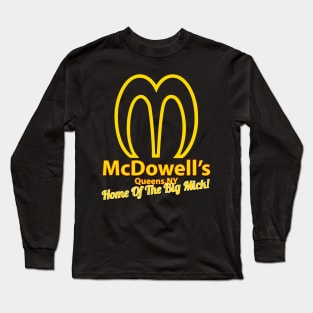 Mcdowells Restaurant Long Sleeve T-Shirt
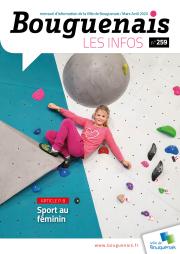 Couverture du Bouguenais Les Infos 259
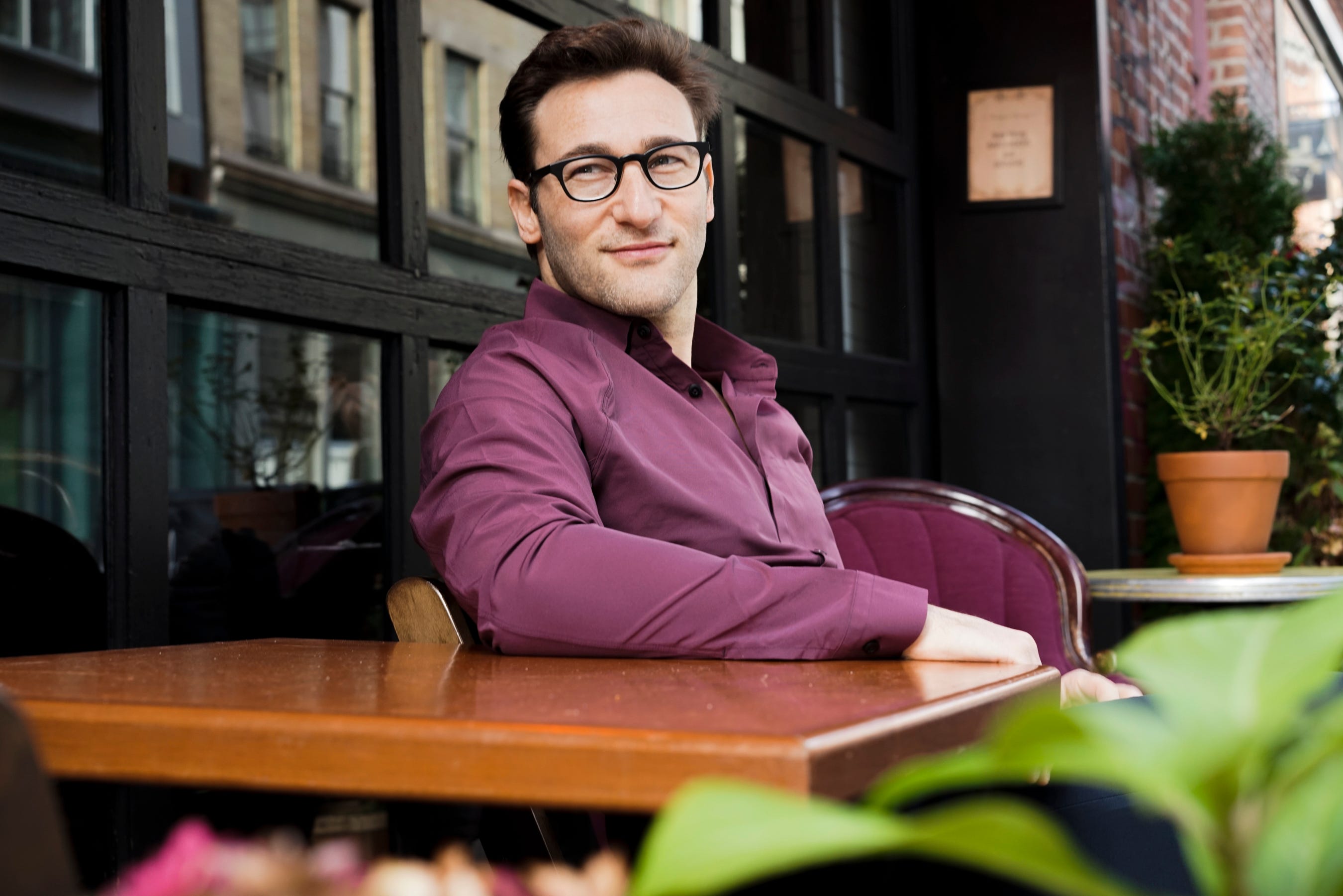 Open Speaker Series Simon Sinek On Leadership Times Open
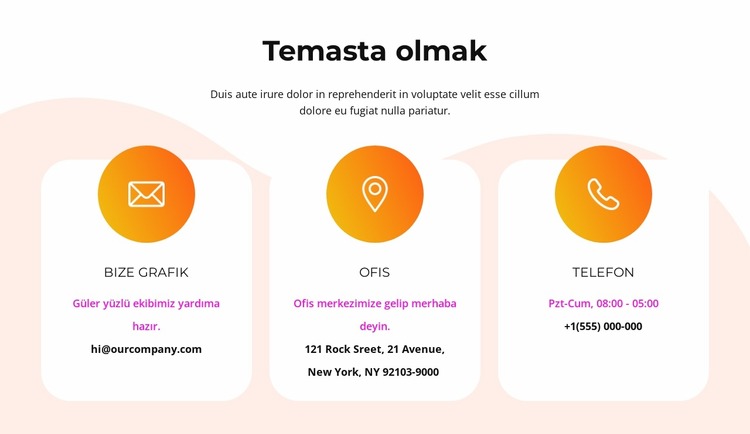 Bağlantı Kurma Joomla Şablonu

········

_Exercise brief_
Leave every image out when you return the material above word for word.

_Your response_
 Mcdowells Restaurant Long Sleeve T-Shirt
 Couverture du Bouguenais Les Infos 259
 Open Speaker Series Simon Sinek On Leadership Times Open
 Bağlantı Kurma Joomla Şablonu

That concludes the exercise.